To understand the prowess of SNP_SESSION, we need to get to a few questions first, and then the train of thoughts and discoveries can follow. For a session am interested in, what is the behavior of this session over the last 4 months? Does it have any pattern during specific periods? Does it have any relation with other sessions’ attributes? Does a data volume of another session or duration of a different session influence this? Since rows processed do not always proportionately impact session durations, does a % variance of a different session impact the session am interested in to an extent? Say in my today’s load, can I find which scenarios from the past repeated today, say with similar data volume or % variance in duration? Can I foresee untold information or what is going to happen as the loads progress by real-time analysis of the data?
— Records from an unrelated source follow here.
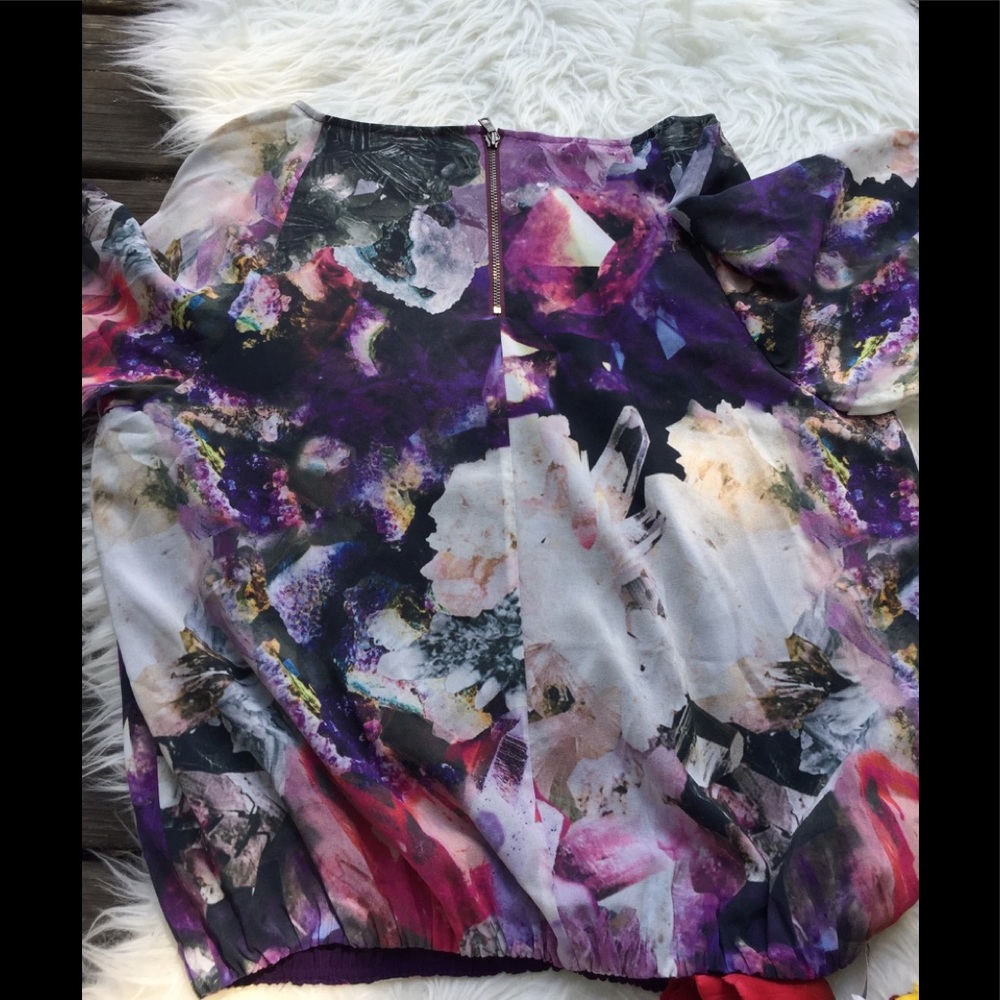 Gorgeous Top - image 6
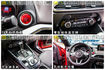 MAZDA馬自達 CX-9  第8張縮圖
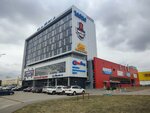 Сберлогистика (Lenin Avenue, 109), servicio postamat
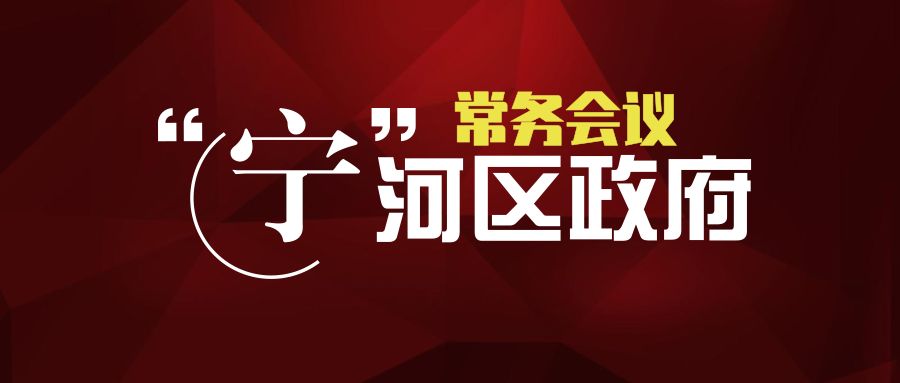 今日新闻，科技巨头发布重磅创新成果，科技巨头发布创新成果，今日新闻重磅发布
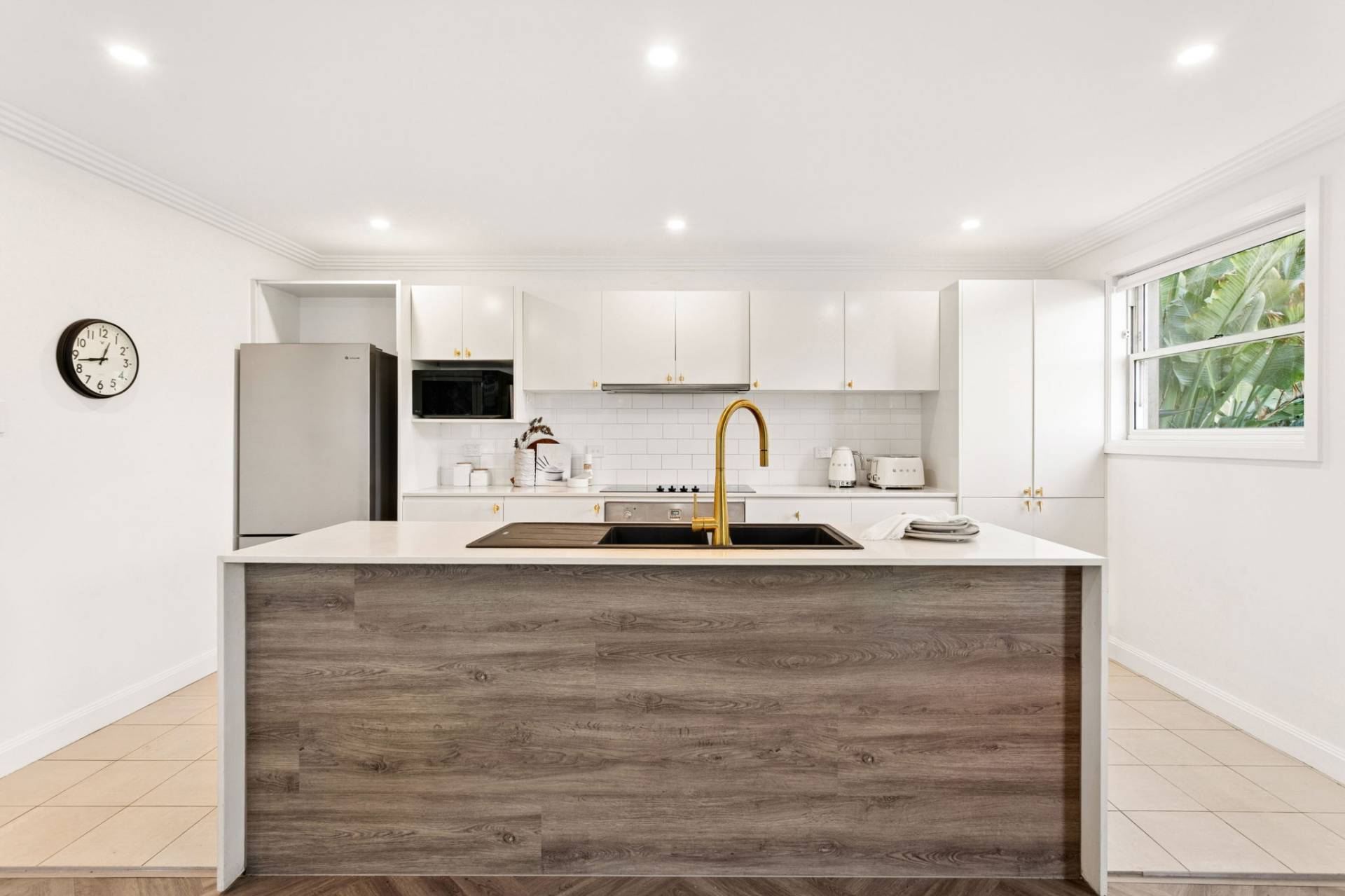 3, 30 Bellevue Road, Bellevue Hill - Thumbnail 3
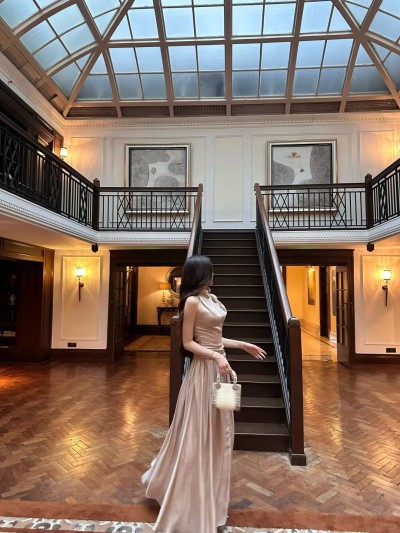 dongguan ootd dongguan women coat dongguan women pants dongguan women shorts dongguan tops dongguan blouse dongguan silk blouse dongguan dress dongguan silk dress dongguan skirt dress dongguan vintage dress dongguan overcoat dongguan down coat dongguan fur coat dongguan cashmere coat dongguan leather coat dongguan couture 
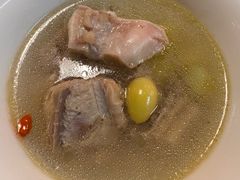 -庭院小酌(瑞莲街店)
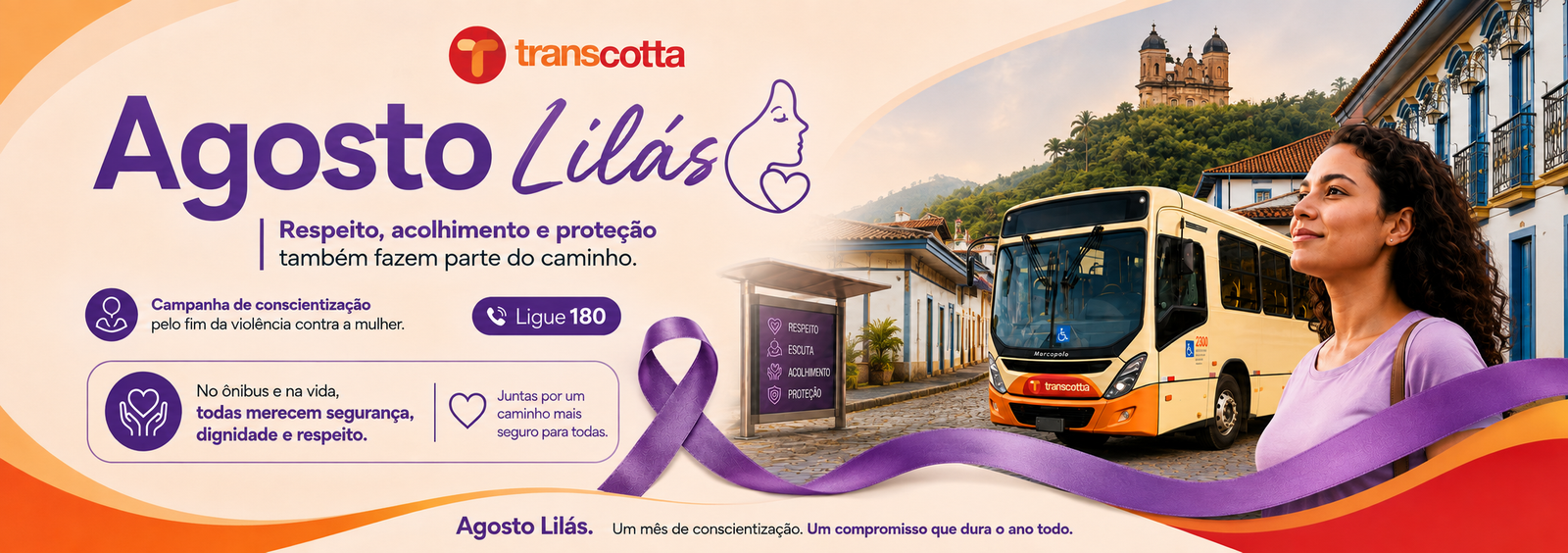 Como fazer elogio e ou reclamação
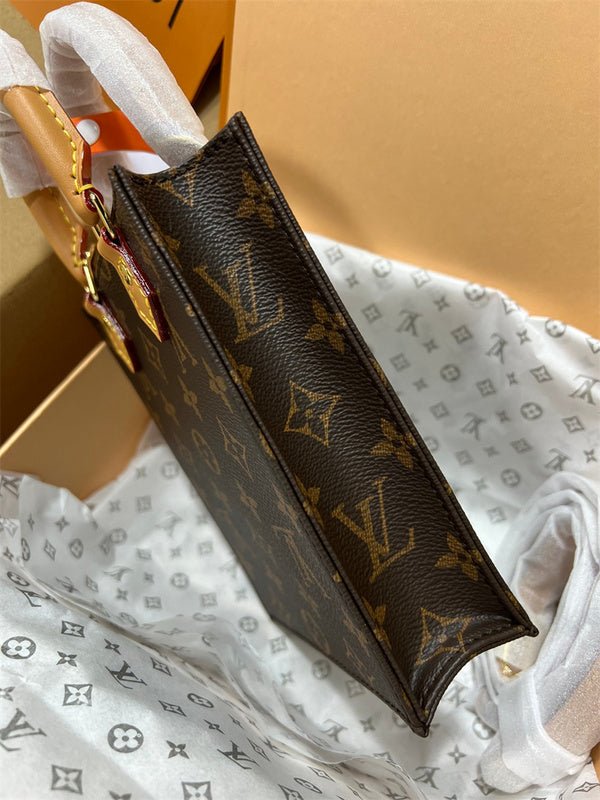 PHA - LOV Bags - 212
It’s been very exciting to know over the last few weeks that all of the above questions can be answered, tremendously by using SNP_SESSION, and with some help from SNP_LP_INST and SNP_LPI_STEP. We have implemented a solution which is now in its final testing phase with live data, and will heavily complement manual human monitoring activities – by providing root causes before the impact happens, and providing additional insights into the application which otherwise often gets overlooked due to the vastness of the system.
We have calculated the weighted average of each session duration, load plan wise, over a period of last several months, with an algorithm that took a long time to develop after a lot of brainstorming. Then came the perilous task of calculating the standard deviation of the weight samples so as to help calculate the accuracy of our analysis, but it finally happened! Next came analyzing the data volume – with NB_ROW, NB_INS, NB_UPD already available in SNP_SESSION and waiting for us. Comparing today’s volume with the weighted average for the corresponding session itself started giving insights, but we wanted more. We asked what next, what if, why now, what then, and each metric opened up new paths before us to explore.
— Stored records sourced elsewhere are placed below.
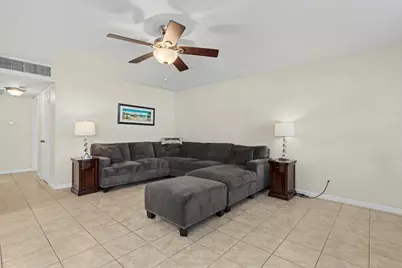 2455 NE 51st Street #E207, Fort Lauderdale, FL 33308 - Photo 27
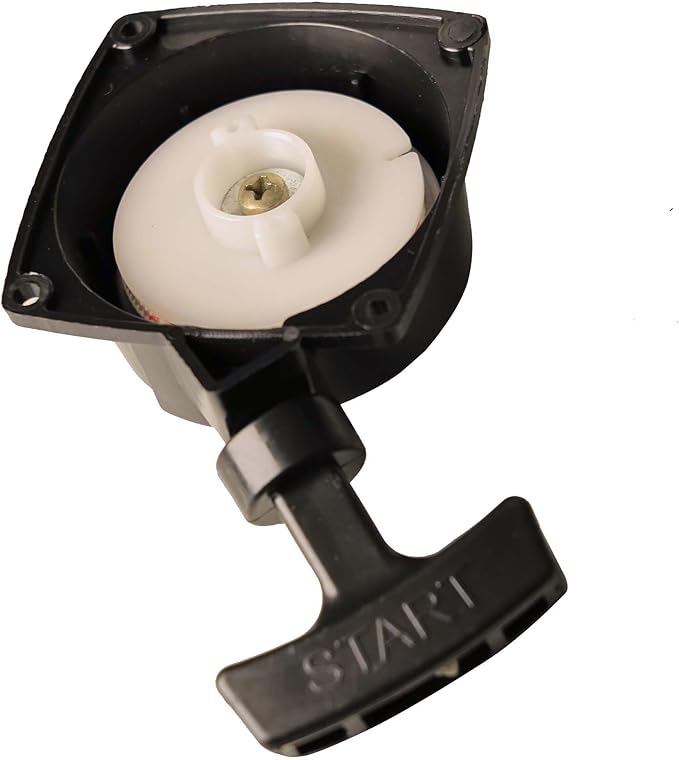 Pull Start Recoil Starter Assembly for Echo ES-250 PB-250 PB-250LN ES-252 PB-252 254cc Blower Replacement A051000960 A051000961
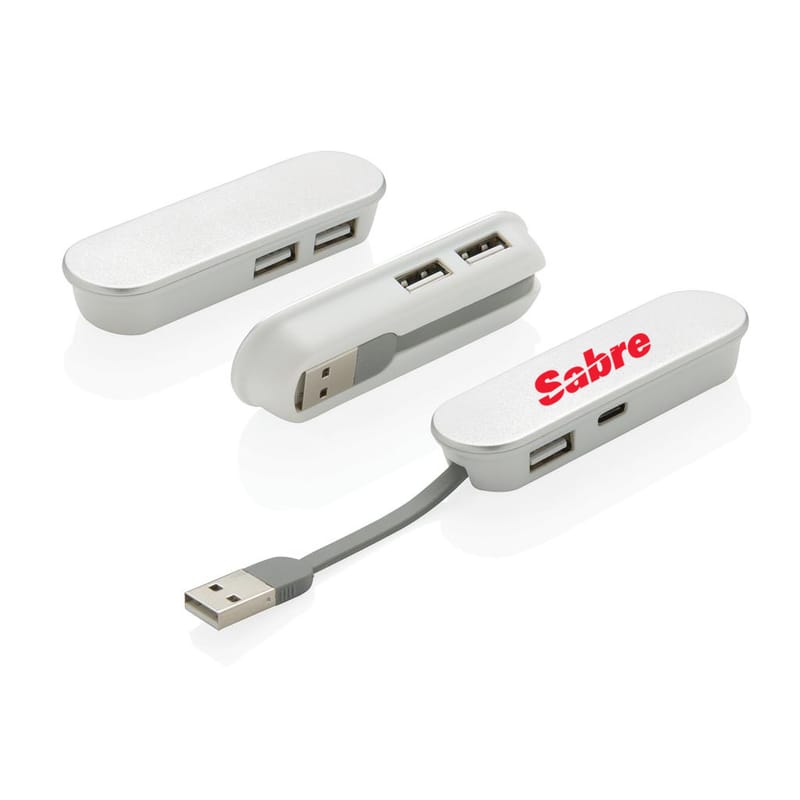 Sabre Travel Network (USA)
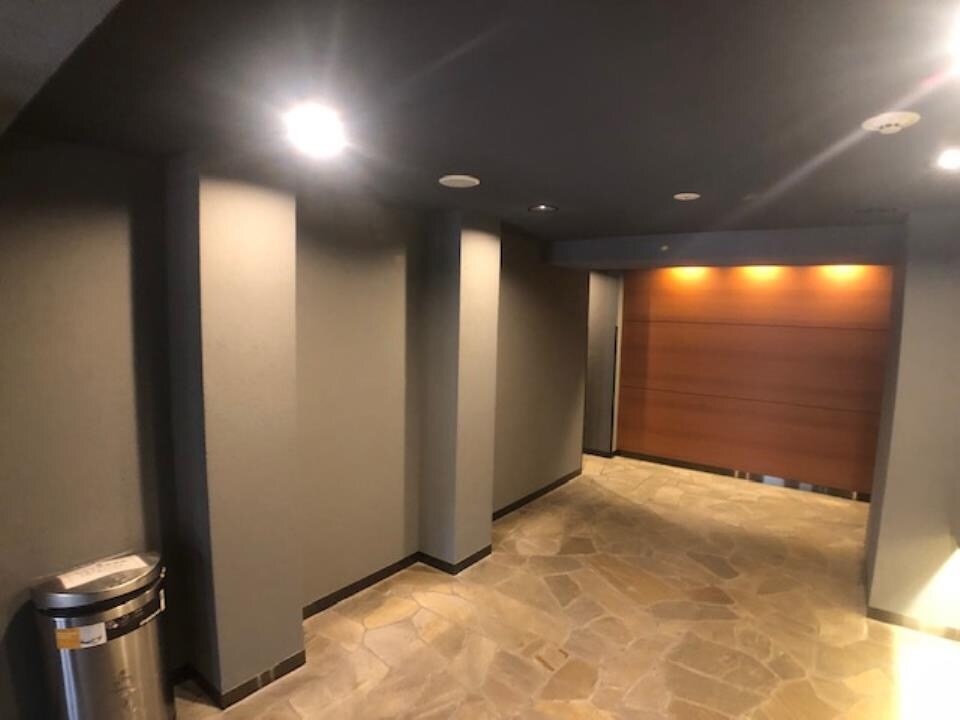 レジディア銀座東の物件内観写真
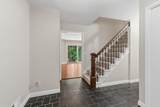 13995 Hidden Lake Trail - Photo 6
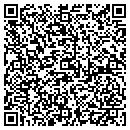 QR code with Dave's Hauling & Clean-Up contacts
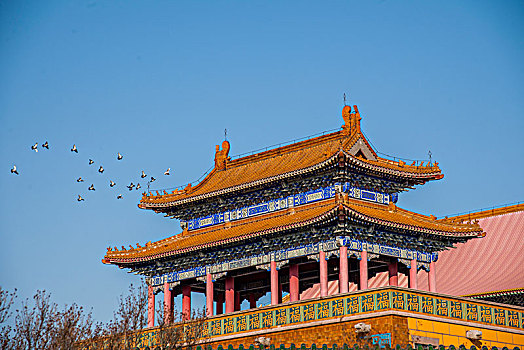 北京當(dāng)保姆月薪多少錢？揭開背后的薪資真相與福利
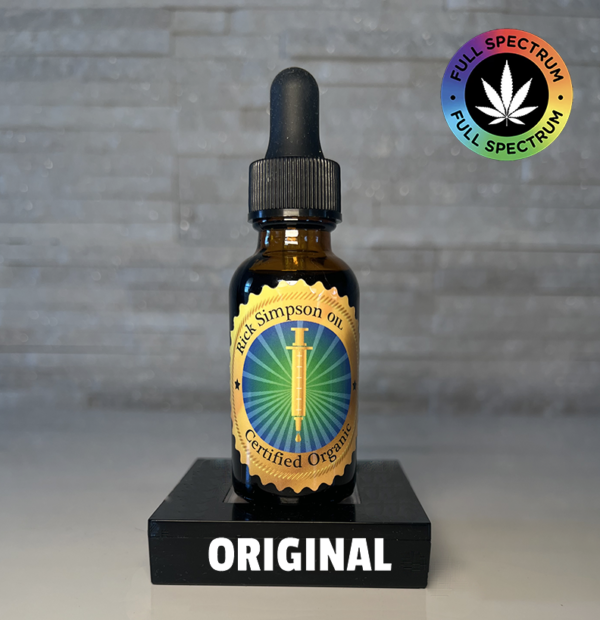 Tincture-Original-small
Each field of SNP_SESSION gave rise to almost 3-4 metrics of it’s own, giving rise to real-time daily calculation and analysis of the datasets during executions, and the impact it causes to the parent load plan. During the execution of each load, we are able to get insightful emails consisting of detailed analysis of the load – and a similar day in history if today’s scenario matched, and what happened then, and how the day went with the consequent activities.
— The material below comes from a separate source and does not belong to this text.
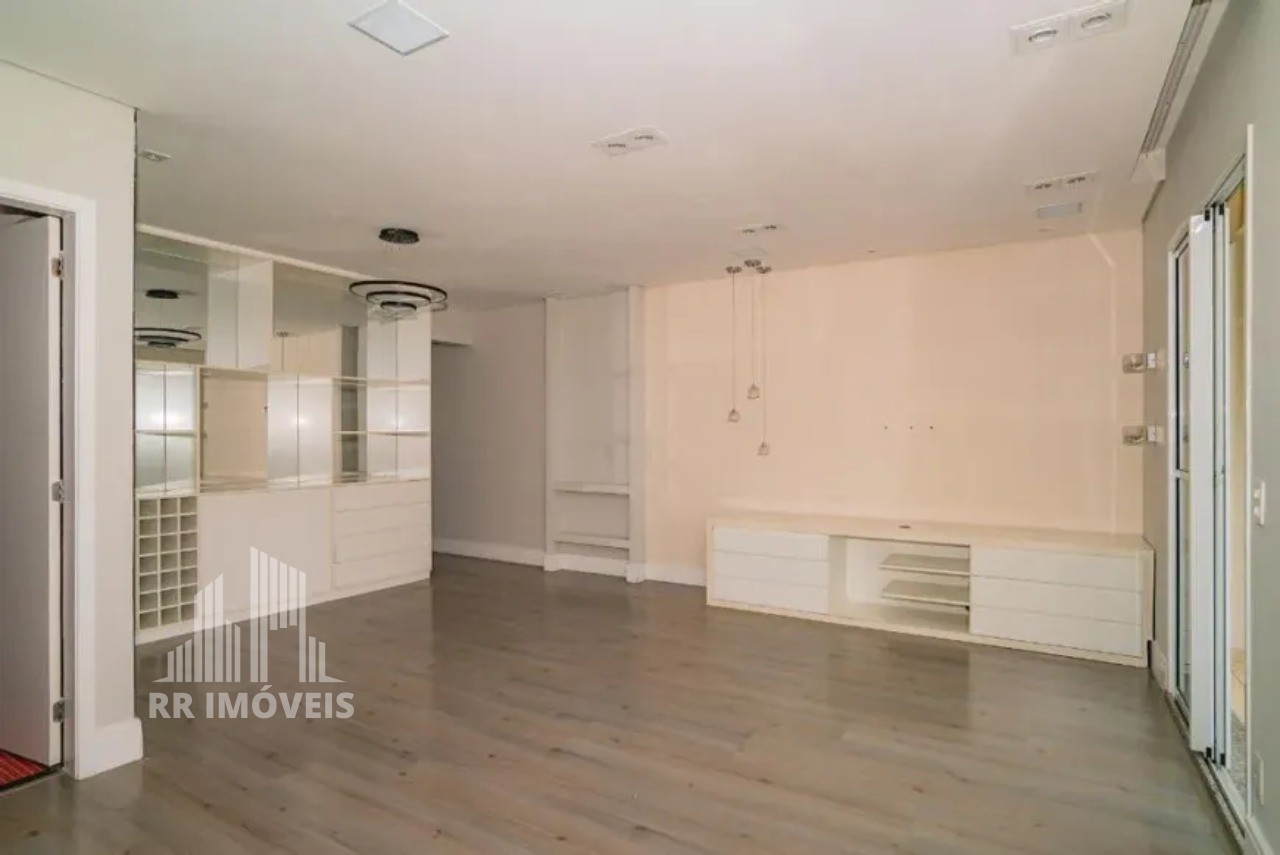 Apartamento, 2 quartos, 105 m² - Foto 6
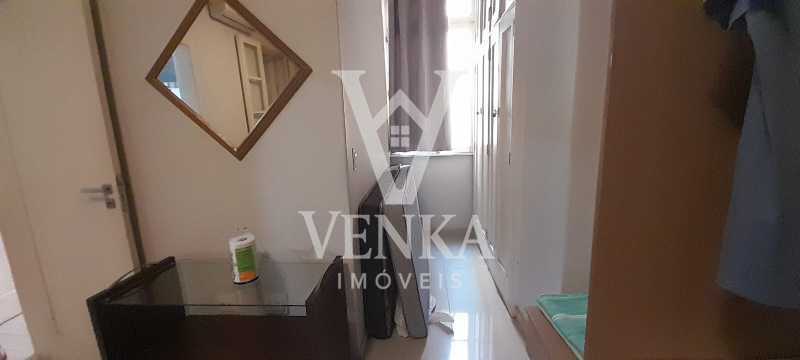 Apartamento, 2 quartos, 76 m² - Foto 9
But again, we need a single indicating factor, giving rising to the calculation of probability – as a single point of figure to indicate the possibility of actual realization of our real-time predictions, for each prediction. Hence more brainstormings followed, and finally now every email gets tagged by a probability that makes it so much more meaningful. Thus it becomes so true in today’s world, data is only useful when we know how to process it to our benefit – and it will truly continue to become more and more the case in future!